ROBOTICS: In the past, large American food product companies like General Mills and Kraft Foods, as well as the automotive industry, have been the biggest user of complex robotic systems. But, today’s robots are smaller and cheaper ─ they are really specialized electromechanical devices run by software and remote control designed to perform specific tasks in the manufacturing of products for a variety of industries. These robots, cost-effective for lower production volume than those used in the food and automotive industry, are enabling more companies to utilize this technology.
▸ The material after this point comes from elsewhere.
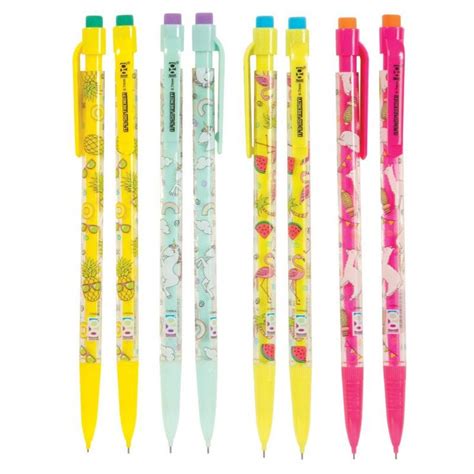 Its So Trendy 7mm Mechanical Pencil 24box With Images Mechanical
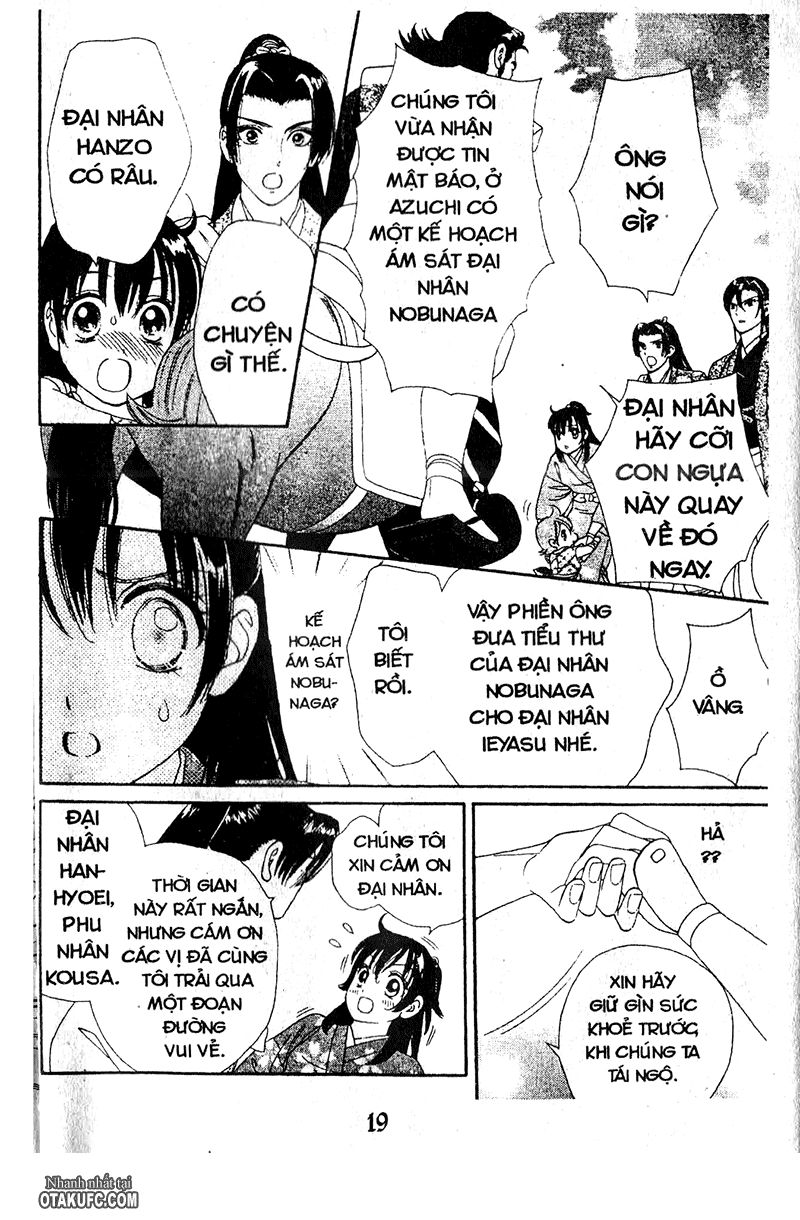 Đuôi Trăng Chap 51 - Next Chap 52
ARTIFICIAL INTELLIGENCE: AI is really the software that makes computers, robots, and even unmanned aircraft and space vehicles run in an “intelligent” manner. Unmanned vehicles have dominated the sky in the “war on terror” in Iraq and Afghanistan and are now being used to provide surveillance along our international border with Mexico. The unmanned rover, “Curiosity,” traversing the surface of Mars is an example of the latest AI technology.

ADDITIVE MANUFACTURING: “Additive manufacturing is the process of producing parts by successive melting of layers of material rather than removing material, as is the case with conventional machining. Each layer is melted to the exact geometry defined by a 3D CAD model. Additive Manufacturing allows for building parts with very complex geometries without any sort of tools or fixtures, and without producing any waste material,” explains Arcam AB’s website.

This process, also known as 3D printing, is turning product designs into reality for a fraction of the cost of past manufacturing technologies. The application of this technology started as a way to make prototypes faster and cheaper. What is great about parts made by this process is that they are not just the fragile prototype parts previously made by stereo lithography technology; parts made by 3D printing can function as production parts.

Additive Manufacturing Becoming More Accessible

A simple tabletop 3D printing device, such as MakerBot’s Replicator, is now down to about $1,700 for use in home workshops, making the technology more accessible to students, researchers, do-it-yourself enthusiasts, hobbyists, inventors and entrepreneurs.

Millions of dollars of government-funded research in additive manufacturing has led to breakthroughs and cost reduction in the utilization of this technology. Large, complex geometry parts that had to be made by casting and forging with expensive tooling are now being made by laser sintering of metals such as tool steel, stainless steel, cobalt chrome-moly, and other steel alloys. While Selective Laser Sintering (SLS) and Direct Metal Laser Sintering (DMLS)began as a way to build parts early in the design cycle, it is now being used to manufacture end-use parts. Depending on the material, up to 100% density can be achieved with material properties comparable to those found with traditional manufacturing methods.

There are many applications for the laser sintering method of additive manufacturing in the aerospace and defense industry because of the low volume requirements. The cost of amortizing expensive casting and forging tooling into low volume production was the main reason for the $600 hammers and $900 toilet seats of the defense spending scandals 20 years ago.

Even the tooling to make simple injection molded plastic parts can now be made by this technology, helping keep some plastic injection molding work in the U. S. that used to go to China.

NANOTECHNOLOGY: We are just beginning to see advances in nanotechnology that will affect manufacturing in the next decade. Nanotechnology(sometimes shortened to “nanotech”) is the manipulation of matter on an atomic and molecular scale. Generally, nanotechnology works with materials, devices, and other structures with at least one dimension sized from 1 to 100 nanometers.